WHAT IS NEEDED =>
The whole listing should come back exactly as written, except for the pictures.
━━ RECORDED INFORMATION
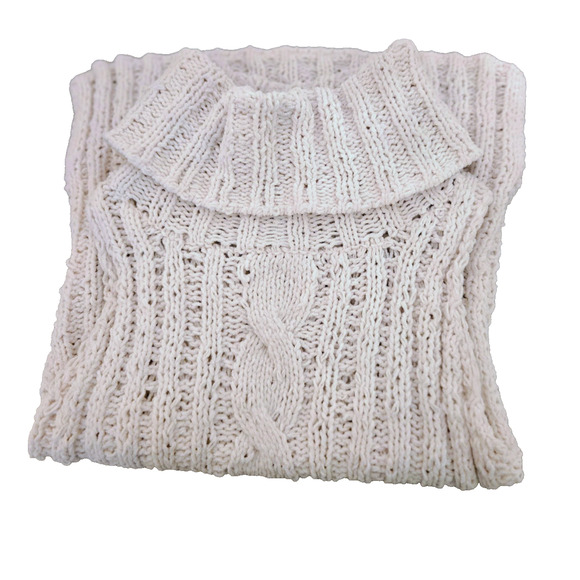 BB Dakota Tenbrook Cable Knit White Sleeveless Cowl Sweater M - Picture 8 of 12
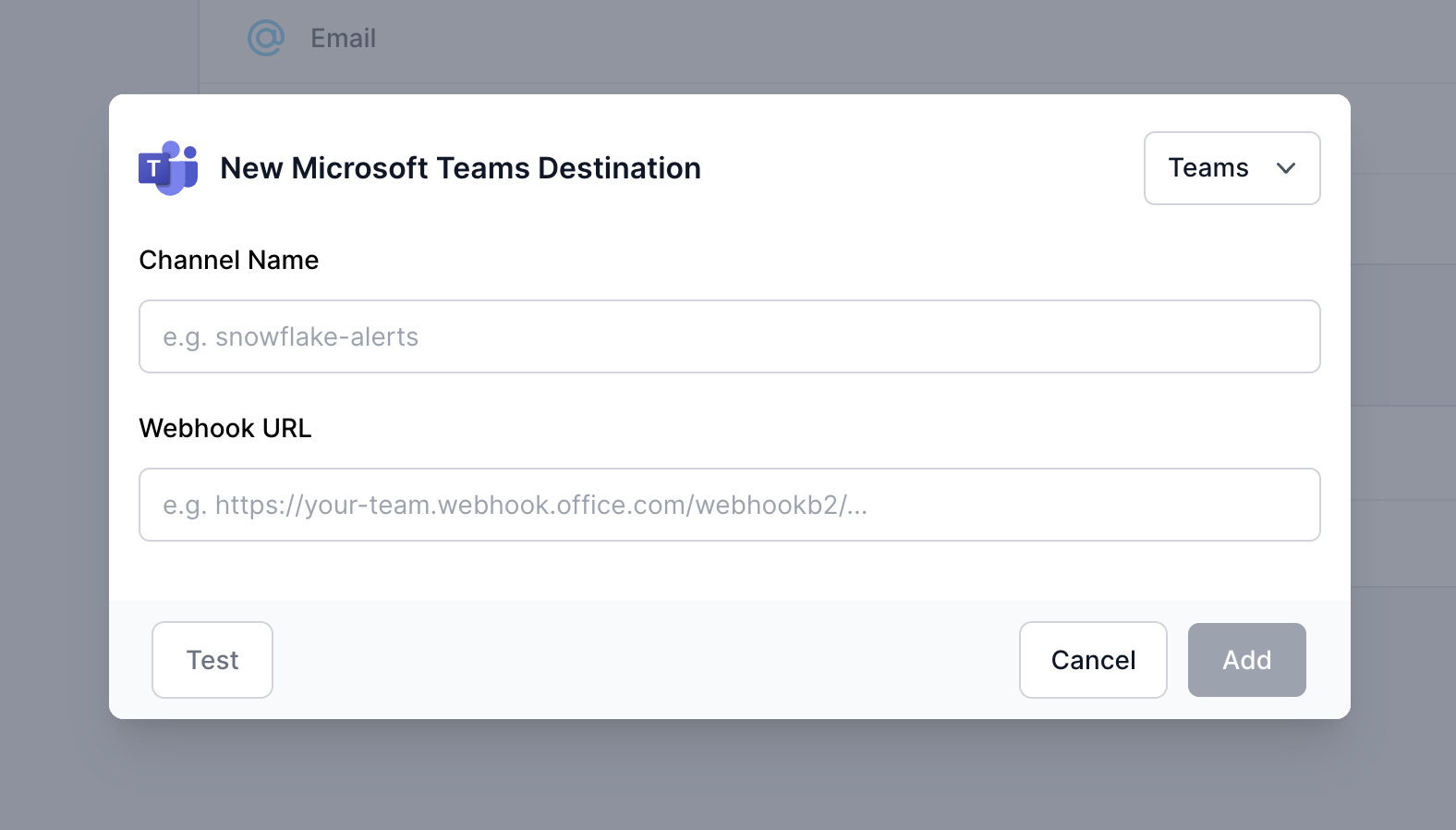 SELECT Teams Destination setup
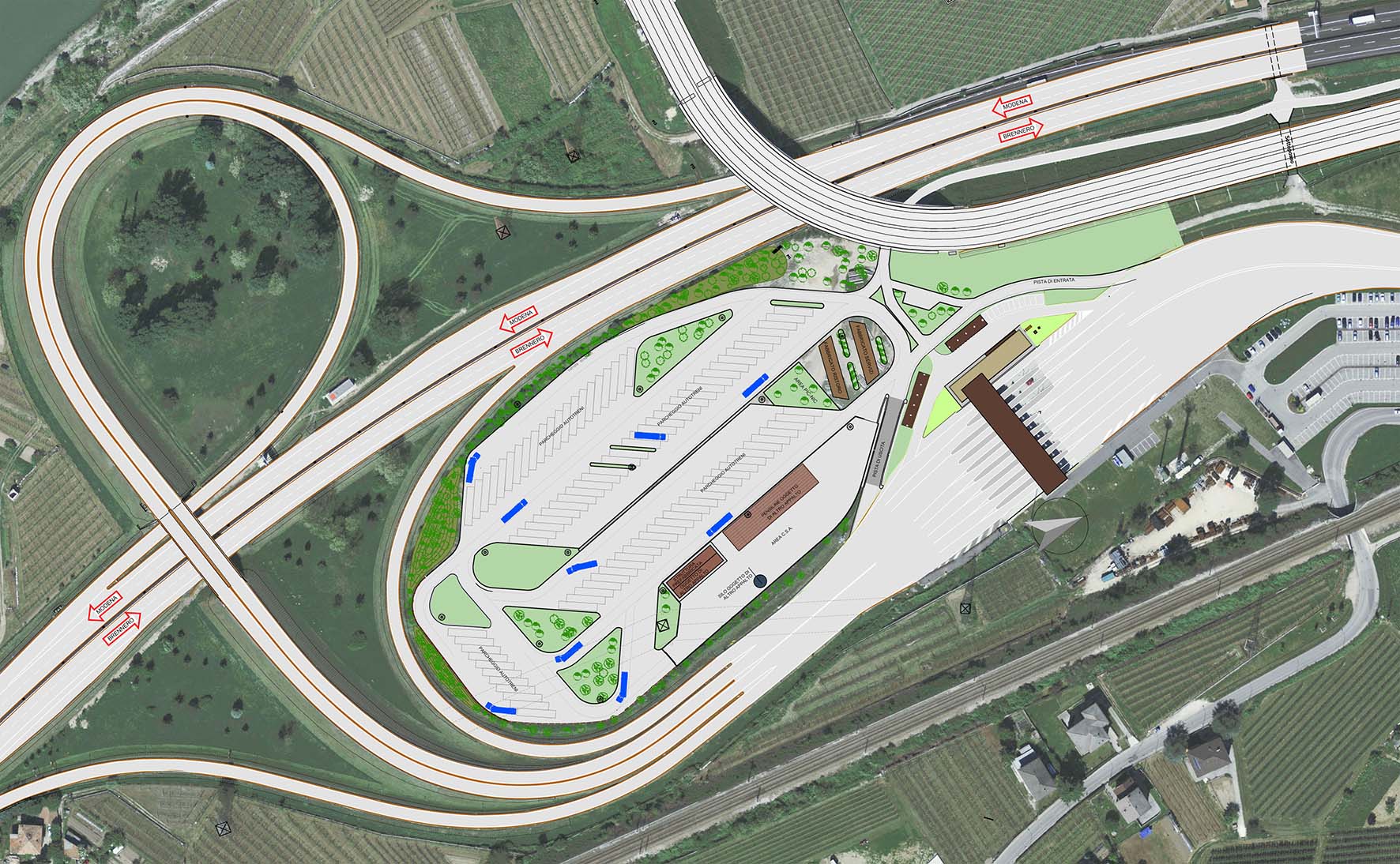 A22 autobrennero rendering Parcheggio Rovereto Sud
━━━━
SOLUTION FOR THIS TASK =>
 BB Dakota Tenbrook Cable Knit White Sleeveless Cowl Sweater M - Picture 8 of 12
 SELECT Teams Destination setup
 A22 autobrennero rendering Parcheggio Rovereto Sud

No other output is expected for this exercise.